Of course when the Second Amendment was passed in 1791, a very well trained musketeer could only fire off a maximum five rounds a minute. By contrast the Bushmaster rifle used in the latest American massacre has an advertised rate of fire of 800 rounds a minute – 160-times more powerful than muskets.
No more tax
Another beef the Patriots had in 1776 was encapsulated in the maxim "no taxation without representation”. Today many within the right wing of the Republican Party have just dropped "without representation” and settled for the similar "no more tax”. They even named themselves "The Tea Party” after the Boston Tea Party of 1773 when Patriots threw taxed British tea over the side of the ship carrying it.
Any analysis of the US fiscal situation today shows that a $US1 trillion per annum US government deficit can only be solved through a combination of higher taxes and lower expenditure. The exact mix of taxes and spending cuts needed to solve this problem is the core of the fiscal cliff debate. Yet the Tea Party, drawing on their dubious historic roots, opposes all attempts at raising taxes. And their activism seems to have captured the Republican Party.
One of the reasons why both the NRA and Tea Party have proved so politically adept is because they view themselves as the intellectual heirs to the early Patriots. Criticise the NRA or Tea Party and you might as well as criticise the early Patriots. Well, perhaps it’s time someone did.
Turns out the Patriots were no saints. Take John Hancock, a signatory to the Declaration of Independence. He was a wealthy smuggler. Men like Hancock viewed British taxes as an economic impost to be evaded at every turn. As the British made life more difficult for Hancock and his fellow travellers, these smugglers morphed into the fellas’ we refer to today as the "founding fathers”. The Tea Party are indeed the intellectual heirs to such scallywags. Demanding lower tax rates for the rich has its intellectual foundations amongst 18th century smugglers.

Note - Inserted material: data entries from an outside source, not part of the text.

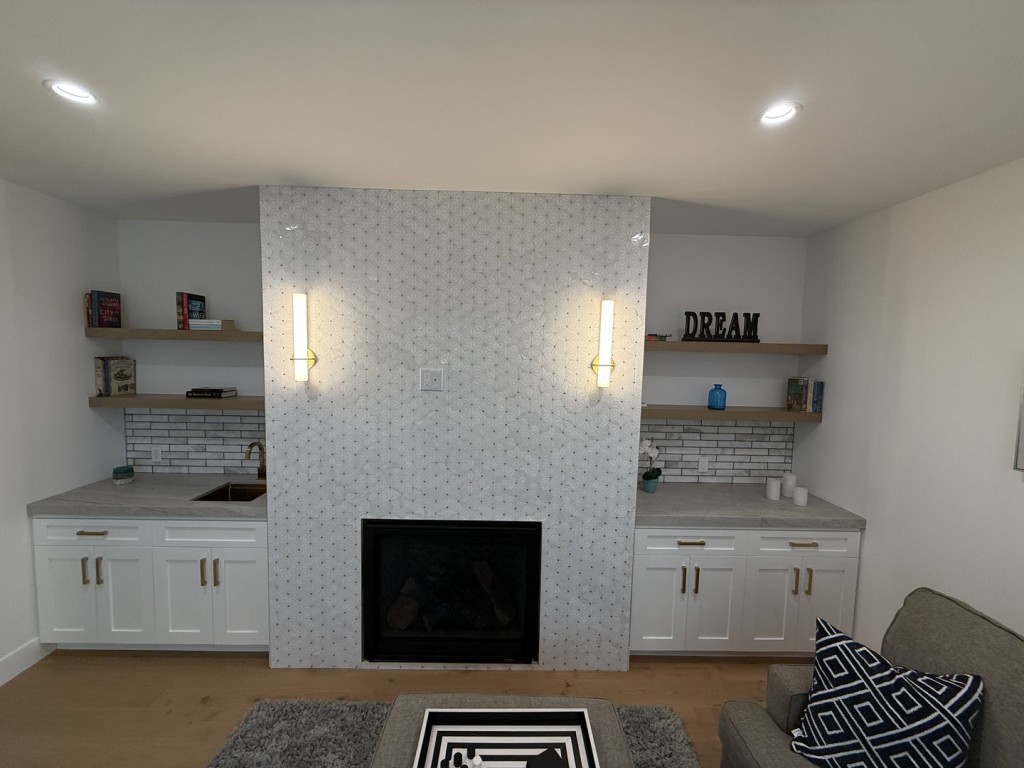 Cabinets construction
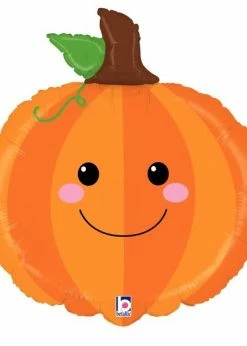 Funny Balloons Usa Foil Balloons Produce Pal Pumpkin 56039 - 26 In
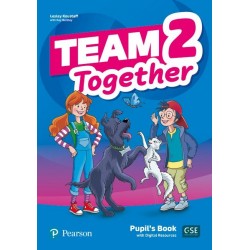 Team Together 2 Pupil's Book with Digital Resources Pack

When George Washington and co-signed the Declaration of Independence they stated "all men are created equal”. Inspiring words. Turns out that was all it mostly was. Most of these founding fathers owned slaves. It was the ultimate Orwellian society – some were more equal than others.

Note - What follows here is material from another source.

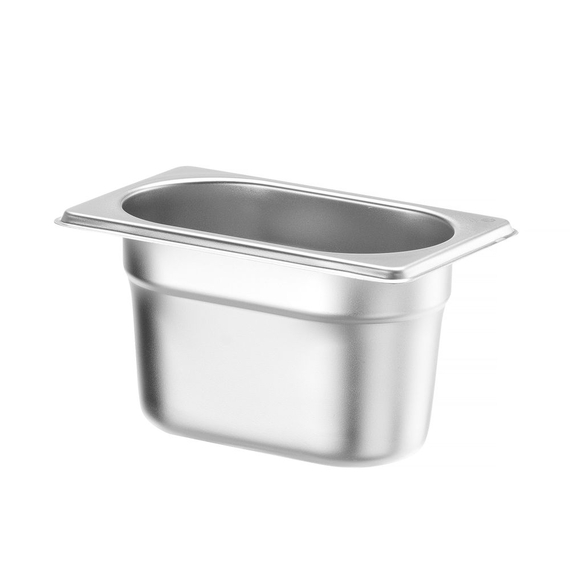Hendi Gastronorm-Behälter 1/9, Budget Line, GN 1/9, 1L, 176x108x(H)100mm Hendi Gastronorm-Behälter 1/9, Budget Line, GN 1/9, 1L, 176x108x(H)100mm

It took another 80 years and a civil war costing the lives of 600,000 Americans before slavery was finally abolished in the US. It was a further 100 years before civil rights were fully recognised for all African Americans. Even today the average "African American” household income is only $32,000. And that’s an average. By contrast the average white household earns $56,000. Few realise that subprime lending, which became infamous in the lead-up to the GFC, was a euphemism for lending to African Americans. So even though an African American sits in the White House, it's fairly clear "all men are created equal” still has a bit of work to do.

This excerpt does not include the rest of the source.